• PROBLEM DETAILS: Go to the line below containing "Aksu, Antalya /" and print exactly from there through the line containing "Nike FC Barcelona", both included. Print nothing else.

• STUDY MATERIAL:
★ ★ ★ ★ ★ ★ ★
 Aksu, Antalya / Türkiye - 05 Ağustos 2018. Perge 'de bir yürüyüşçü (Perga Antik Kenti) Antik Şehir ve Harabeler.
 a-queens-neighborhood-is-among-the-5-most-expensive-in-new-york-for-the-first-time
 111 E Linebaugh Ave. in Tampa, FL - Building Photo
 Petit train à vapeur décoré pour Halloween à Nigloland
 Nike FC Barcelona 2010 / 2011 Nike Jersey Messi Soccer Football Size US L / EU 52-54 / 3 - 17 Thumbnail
★ ★ ★ ★ ★ ★ ★
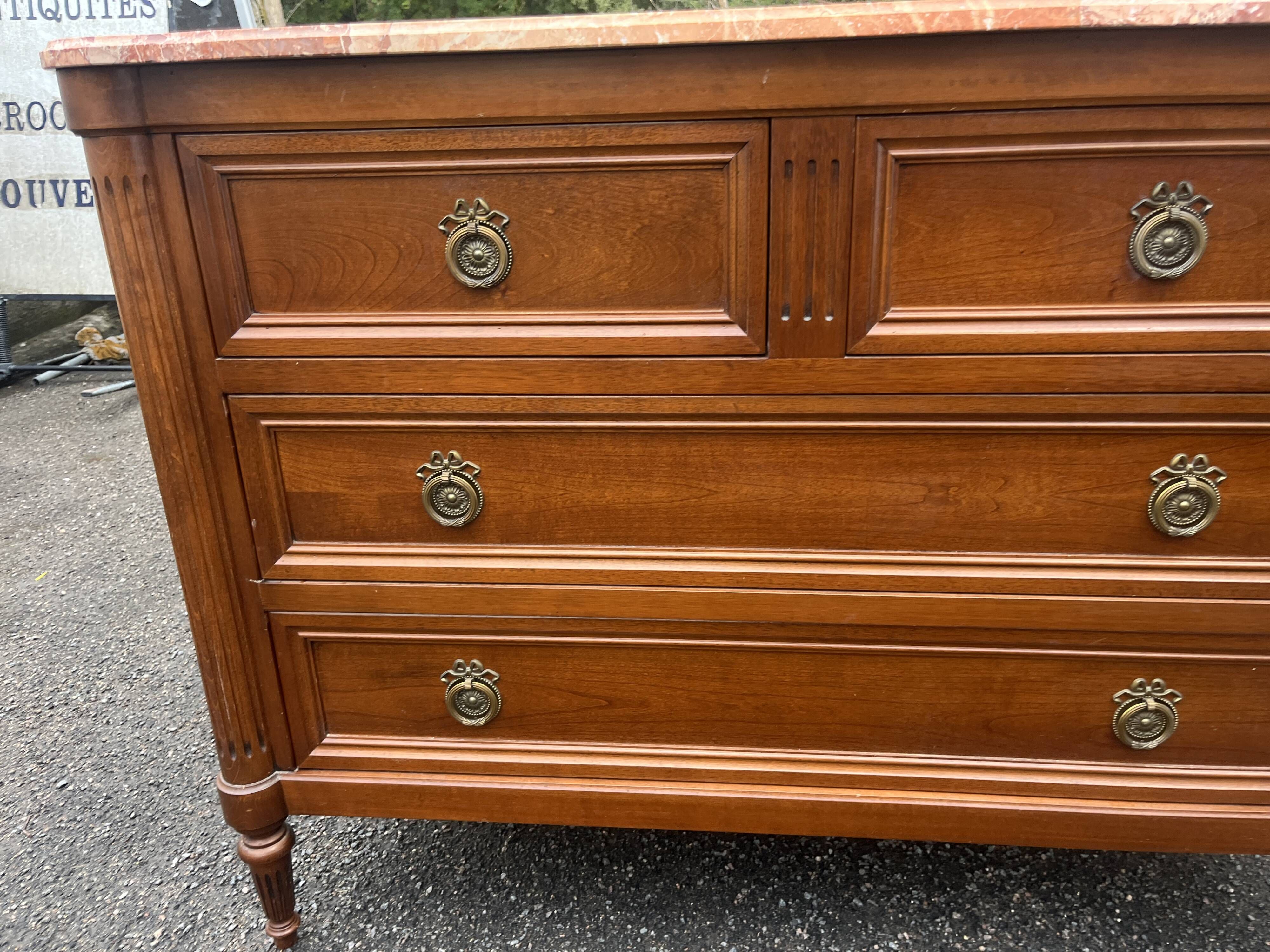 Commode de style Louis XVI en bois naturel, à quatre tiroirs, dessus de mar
★ ★ ★ ★ ★ ★ ★
• RESULT OF THE TASK:
 Aksu, Antalya / Türkiye - 05 Ağustos 2018. Perge 'de bir yürüyüşçü (Perga Antik Kenti) Antik Şehir ve Harabeler.
 a-queens-neighborhood-is-among-the-5-most-expensive-in-new-york-for-the-first-time
 111 E Linebaugh Ave. in Tampa, FL - Building Photo
 Petit train à vapeur décoré pour Halloween à Nigloland
 Nike FC Barcelona 2010 / 2011 Nike Jersey Messi Soccer Football Size US L / EU 52-54 / 3 - 17 Thumbnail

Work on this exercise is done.